A long wire `PQR` is made by joining two wires `PQ` and `QR` of equal radii. `PQ` has length `4.8 m` and mass `0.06 kg`. `QR` has length `2.56m` and mass `0.2 kg`. The wire `PQR` is under a tension of `80N`. A sinusoidal wave-pulse of amplitude `3.5cm` is sent along the wire `PQ` from end `P`. No power is dissipated during the propagation of the wave-pulse. Calculate,
(a) the time taken by the wave-pulse to reach the other end `R` of the wire, and
(b) the amplitude of the reflected and transmitted wave-pulse after the incident wave-pulse crosses the joint `Q`.

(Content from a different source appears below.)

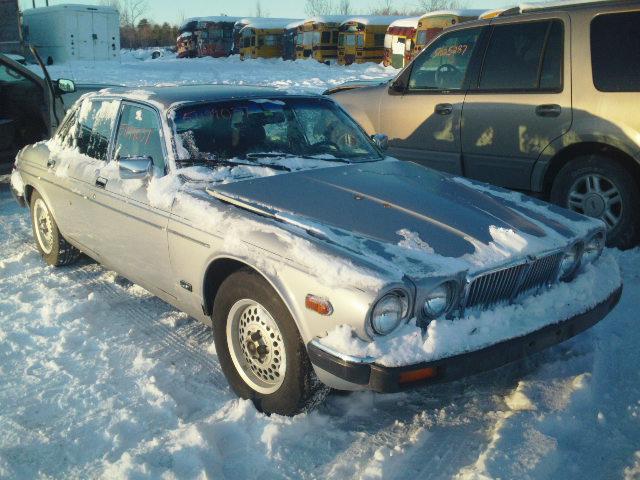 SAJAV1243CC336354 - 1982 JAGUAR XJ6 SILVER photo 1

To solve the problem step by step, we will break it down into two parts as per the question: ### Part (a): Time taken by the wave-pulse to reach the other end `R` 1. **Calculate the mass per unit length (μ) for both wires:** - For wire `PQ`: \[ \mu_1 = \frac{\text{mass of PQ}}{\text{length of PQ}} = \frac{0.06 \, \text{kg}}{4.8 \, \text{m}} = 0.0125 \, \text{kg/m} \] - For wire `QR`: \[ \mu_2 = \frac{\text{mass of QR}}{\text{length of QR}} = \frac{0.2 \, \text{kg}}{2.56 \, \text{m}} = 0.078125 \, \text{kg/m} \] 2. **Calculate the velocity of the wave in each segment:** - The velocity of the wave in wire `PQ` (V1): \[ V_1 = \sqrt{\frac{T}{\mu_1}} = \sqrt{\frac{80 \, \text{N}}{0.0125 \, \text{kg/m}}} = \sqrt{6400} = 80 \, \text{m/s} \] - The velocity of the wave in wire `QR` (V2): \[ V_2 = \sqrt{\frac{T}{\mu_2}} = \sqrt{\frac{80 \, \text{N}}{0.078125 \, \text{kg/m}}} = \sqrt{1024} = 32 \, \text{m/s} \] 3. **Calculate the time taken for the wave to travel from `P` to `R`:** - Time taken from `P` to `Q` (tPQ): \[ t_{PQ} = \frac{\text{length of PQ}}{V_1} = \frac{4.8 \, \text{m}}{80 \, \text{m/s}} = 0.06 \, \text{s} \] - Time taken from `Q` to `R` (tQR): \[ t_{QR} = \frac{\text{length of QR}}{V_2} = \frac{2.56 \, \text{m}}{32 \, \text{m/s}} = 0.08 \, \text{s} \] - Total time taken (t): \[ t = t_{PQ} + t_{QR} = 0.06 \, \text{s} + 0.08 \, \text{s} = 0.14 \, \text{s} \] ### Part (b): Amplitude of the reflected and transmitted wave-pulse after crossing joint `Q` 1. **Calculate the amplitude of the reflected wave (AR):** - The formula for the amplitude of the reflected wave is: \[ A_R = \frac{V_2 - V_1}{V_2 + V_1} \times A_i \] - Substituting the values: \[ A_R = \frac{32 - 80}{32 + 80} \times 3.5 \, \text{cm} = \frac{-48}{112} \times 3.5 \approx -1.5 \, \text{cm} \] - The negative sign indicates that the reflected wave is inverted. 2. **Calculate the amplitude of the transmitted wave (AT):** - The formula for the amplitude of the transmitted wave is: \[ A_T = \frac{2V_2}{V_2 + V_1} \times A_i \] - Substituting the values: \[ A_T = \frac{2 \times 32}{32 + 80} \times 3.5 \, \text{cm} = \frac{64}{112} \times 3.5 \approx 2 \, \text{cm} \] ### Final Answers: - (a) The time taken by the wave-pulse to reach the other end `R` is **0.14 seconds**. - (b) The amplitude of the reflected wave-pulse is **1.5 cm** (inverted), and the amplitude of the transmitted wave-pulse is **2 cm**.